Why Banks’ Alarm Over Stablecoins Misses the Point
Stablecoins are not a threat to innovation—they expose an outdated banking model.
According to a recent Financial Times report, U.S. banks—including the American Bankers Association, Bank Policy Institute, and Consumer Bankers Association—are urgently lobbying lawmakers to fix what they call a "loophole" in the already contentious GENIUS Act, warning that unrestricted stablecoin yields could trigger up to $6.6 trillion in deposit flight, threatening credit supply and eroding the banks’ traditional funding model. Akila Quinio, U.S. Banks Lobby to Block Stablecoin Interest Over Fear of Deposit Flight, FINNACIAL TIMES (Aug. 25, 2025).
When Ronit Ghose of Citi and PwC’s Sean Viergutz warn that high-yield stablecoins could drain deposits and raise credit costs, they're not defending stability—they’re defending a dying monopolistic structure.
The Banking Panic: $6.6 Trillion at Risk?
The GENIUS Act bars banks from offering yield on stablecoins they issue—but lets crypto exchanges do so indirectly through affiliate structures
Banking bodies like the American Bankers Association (ABA) and Bank Policy Institute (BPI) label this a “loophole” and argue it could prompt $6.6 trillion in deposit flight from traditional banks, undermining credit availability and raising borrowing costs. Adrian Mudzinski, Citi Executive Warns Stablecoin Yields Could Drain Bank Deposits: Report, COINTELEGRAPH (Aug. 25, 2025).
Citi’s Ronit Ghose compares this risk to the 1980s money-market fund exodus, when savers abandoned low-yield checking accounts for better returns elsewhere, severely power-down existing banking models.

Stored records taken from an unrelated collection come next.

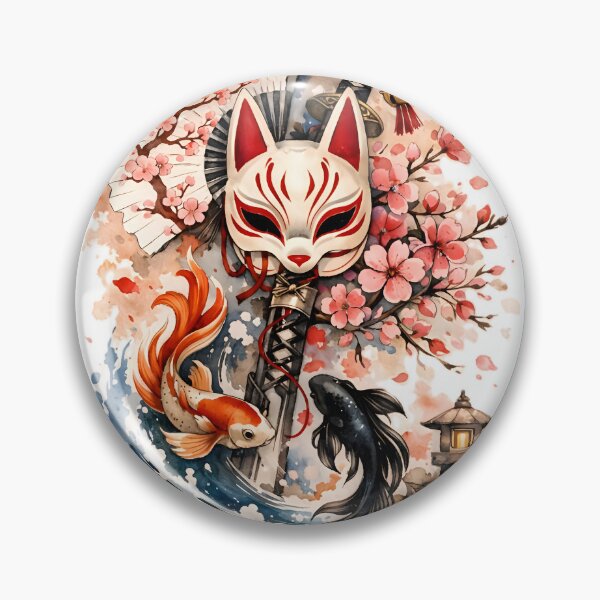 Item preview, Japanese Kitsune Mask Watercolor with Koi Fish, Katana and Sakura designed and sold by Emilysalae.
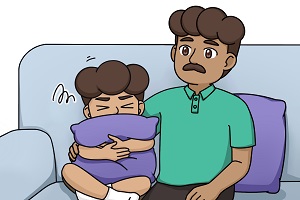 An illustration of a young boy upset on a sofa with a parent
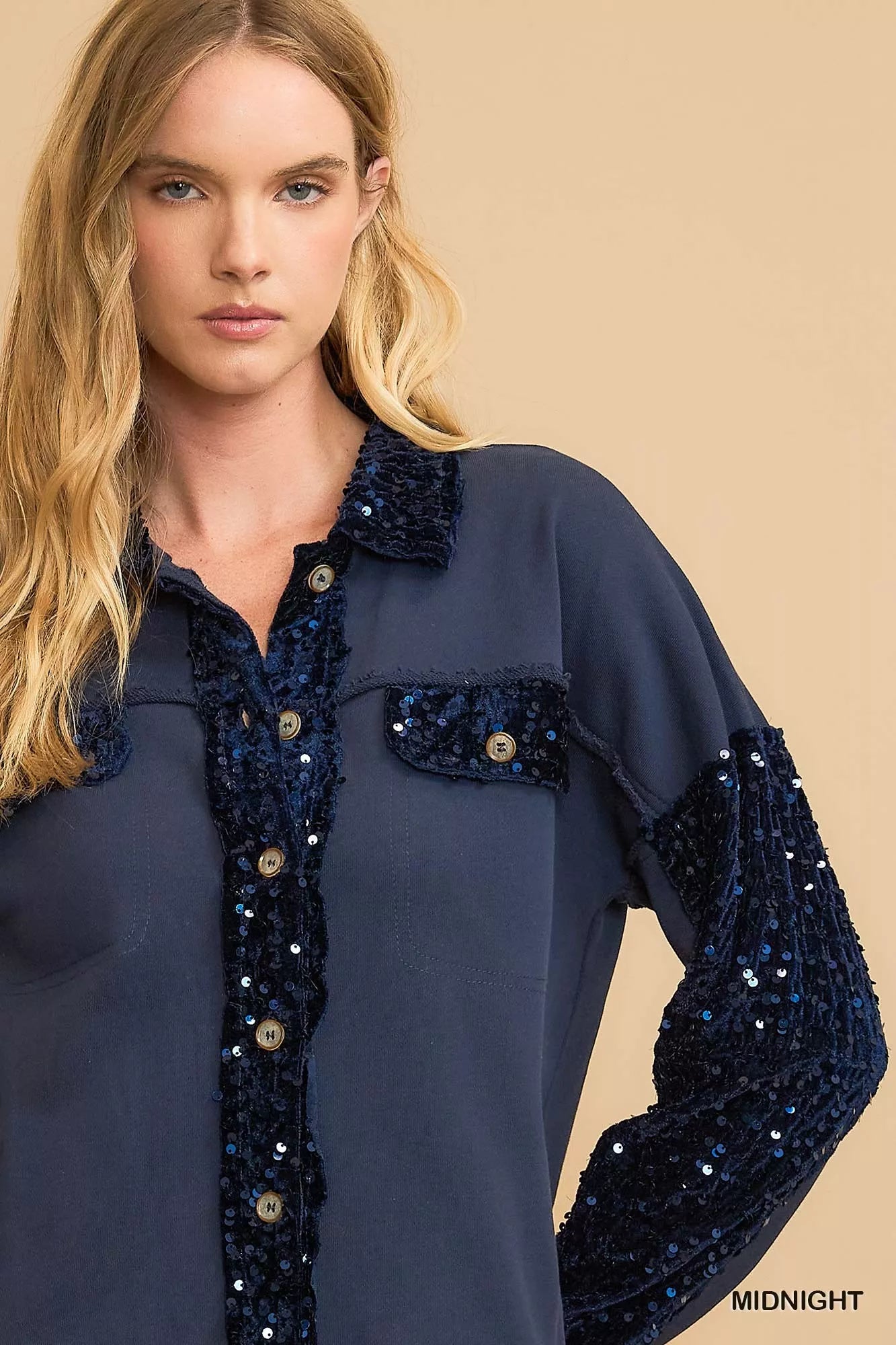Umgee Sequined French Terry Jacket in Midnight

PwC’s Sean Viergutz echoes the concern: banks faced with stablecoin competition might need to rely more on wholesale funding or raise deposit rates, ultimately making credit more expensive for families and businesses.
But is this really a systemic risk… or merely the unveiling of an obsolete cost structure?
Time for Banks to Face Reality
1. Banks Have Lost the Battle for Fee Extraction
Stablecoins bypass traditional banking friction—instant settlement, low fees, global reach. If consumers flock to better digital rails, isn’t it because banks charge too much for too little?
2. It’s Not About Risk, It’s About Outdated Products
Banks insist stablecoins threaten credit creation. Yet, stablecoins don’t channel deposits into loans—but maybe it's time banks earn revenue differently, not through artificial interest suppression. For decades, banks have relied on keeping deposit rates artificially low while profiting from the spread, a practice that extracted value from customers rather than delivering it.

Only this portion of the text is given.